Scots fear exodus to the North

April 15, 2005

Scotland is gearing up to control the number of English students seeking sanctuary from top-up fees. Scots fear home students could be squeezed out.

The cross-border traffic is expected to be very much one way as English students seek places in Scottish universities that have no upfront fees.

The Scottish Executive responded last week by unveiling proposals to increase annual fees for all non-Scottish UK students by between £500 and Pounds 700.

It is also consulting on an unspecified higher fee for non-Scottish medical students. It argues that a Scottish medical degree would be at least Pounds 5,500 cheaper for non-Scots if fees remained at the same level as that for other courses.

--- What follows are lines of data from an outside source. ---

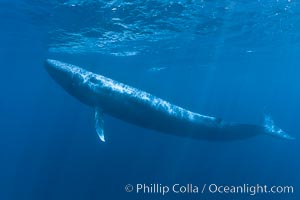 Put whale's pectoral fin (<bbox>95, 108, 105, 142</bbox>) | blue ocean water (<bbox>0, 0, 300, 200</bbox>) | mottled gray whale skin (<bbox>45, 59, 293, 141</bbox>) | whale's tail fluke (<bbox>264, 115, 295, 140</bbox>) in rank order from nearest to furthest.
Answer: whale's pectoral fin (<bbox>95, 108, 105, 142</bbox>) → mottled gray whale skin (<bbox>45, 59, 293, 141</bbox>) → whale's tail fluke (<bbox>264, 115, 295, 140</bbox>) → blue ocean water (<bbox>0, 0, 300, 200</bbox>)

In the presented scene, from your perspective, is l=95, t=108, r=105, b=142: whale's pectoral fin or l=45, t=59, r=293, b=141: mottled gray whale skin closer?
l=95, t=108, r=105, b=142: whale's pectoral fin

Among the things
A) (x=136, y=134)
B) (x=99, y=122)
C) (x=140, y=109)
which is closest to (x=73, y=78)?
(x=99, y=122)

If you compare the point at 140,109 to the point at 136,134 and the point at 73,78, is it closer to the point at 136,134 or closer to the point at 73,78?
the point at 73,78

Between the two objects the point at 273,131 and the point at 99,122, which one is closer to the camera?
the point at 99,122

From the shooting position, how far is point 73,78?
13.2 m

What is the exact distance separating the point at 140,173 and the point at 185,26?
12.4 meters

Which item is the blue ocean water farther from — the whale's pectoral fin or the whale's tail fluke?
the whale's pectoral fin

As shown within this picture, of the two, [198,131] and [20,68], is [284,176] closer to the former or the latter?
[198,131]

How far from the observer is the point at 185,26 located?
26.1m

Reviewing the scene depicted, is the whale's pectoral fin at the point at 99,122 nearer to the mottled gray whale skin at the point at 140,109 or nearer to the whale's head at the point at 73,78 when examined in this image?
the mottled gray whale skin at the point at 140,109

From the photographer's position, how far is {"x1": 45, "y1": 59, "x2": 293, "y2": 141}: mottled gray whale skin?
12805 millimetres

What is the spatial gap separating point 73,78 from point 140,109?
3.12 metres

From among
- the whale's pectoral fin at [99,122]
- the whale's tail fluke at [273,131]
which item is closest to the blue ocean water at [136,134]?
the whale's tail fluke at [273,131]

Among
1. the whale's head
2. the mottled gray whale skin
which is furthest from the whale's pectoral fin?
the whale's head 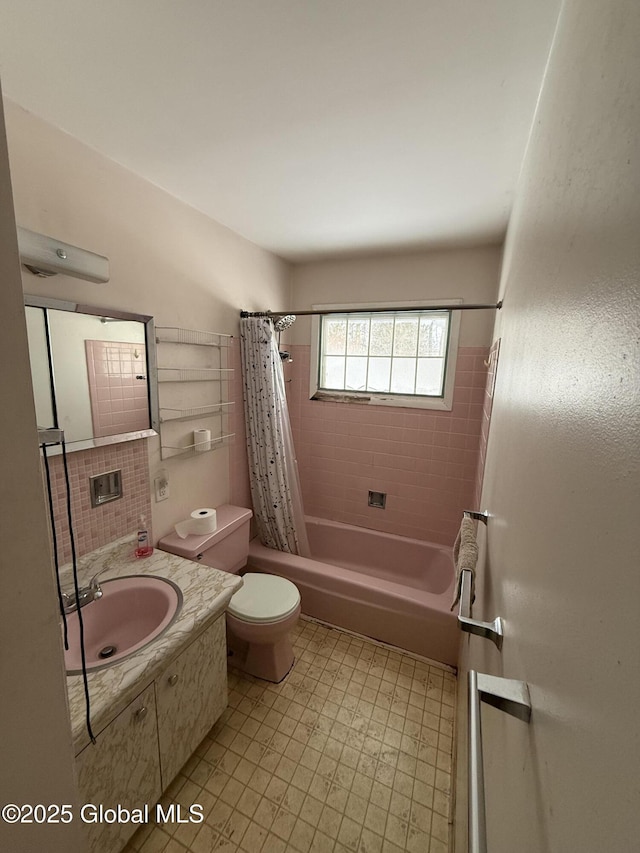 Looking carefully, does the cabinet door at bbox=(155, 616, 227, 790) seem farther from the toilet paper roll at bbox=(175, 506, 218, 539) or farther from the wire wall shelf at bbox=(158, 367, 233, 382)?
the wire wall shelf at bbox=(158, 367, 233, 382)

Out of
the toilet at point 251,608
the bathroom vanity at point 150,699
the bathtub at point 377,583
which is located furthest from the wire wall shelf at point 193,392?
the bathtub at point 377,583

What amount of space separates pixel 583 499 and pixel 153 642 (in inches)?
53.4

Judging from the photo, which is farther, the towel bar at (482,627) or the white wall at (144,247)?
the white wall at (144,247)

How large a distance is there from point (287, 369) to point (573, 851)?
2915mm

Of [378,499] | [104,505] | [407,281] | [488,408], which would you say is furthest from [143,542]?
[407,281]

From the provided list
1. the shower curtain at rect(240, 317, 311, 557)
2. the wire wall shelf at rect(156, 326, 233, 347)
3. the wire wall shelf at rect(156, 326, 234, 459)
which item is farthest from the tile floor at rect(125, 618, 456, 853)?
the wire wall shelf at rect(156, 326, 233, 347)

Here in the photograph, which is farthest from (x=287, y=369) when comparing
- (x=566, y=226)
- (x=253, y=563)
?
(x=566, y=226)

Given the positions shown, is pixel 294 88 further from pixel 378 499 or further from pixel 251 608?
pixel 378 499

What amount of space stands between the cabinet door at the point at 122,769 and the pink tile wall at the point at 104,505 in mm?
671

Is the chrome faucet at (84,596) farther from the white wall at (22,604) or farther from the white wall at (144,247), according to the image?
the white wall at (22,604)

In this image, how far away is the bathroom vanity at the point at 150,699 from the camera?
99 cm

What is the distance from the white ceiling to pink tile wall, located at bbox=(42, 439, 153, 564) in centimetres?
127

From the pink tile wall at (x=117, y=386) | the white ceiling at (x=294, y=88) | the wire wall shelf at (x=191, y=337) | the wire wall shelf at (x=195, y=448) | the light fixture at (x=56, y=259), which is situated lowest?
the wire wall shelf at (x=195, y=448)

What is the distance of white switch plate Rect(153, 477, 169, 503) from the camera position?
71.3 inches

The executive fears that existing shortages in the National Health Service in Scotland could be exacerbated by a rise in the number of non-Scottish students, since Scots graduates are twice as likely as other medical graduates to be working in Scotland ten years after graduating.

The number of non-Scots heading north to study is far greater than the number of Scots going south. The majority of Scottish pupils take a broad range of Highers rather than a smaller number of A levels, which dovetail better with Scottish rather than English degrees.

Figures released by the Universities and Colleges Admissions Service this year show a 17.7 per cent rise in the number of English applicants to Scotland, to ,797, up from 23,611 in 2003-04.

This outstrips the number of Scottish applicants, which rose by 3.1 per cent, from 25,887 to 26,685. In contrast, the number of Scots applying to English institutions rose by 4.6 per cent, from 4,335 to 4,536.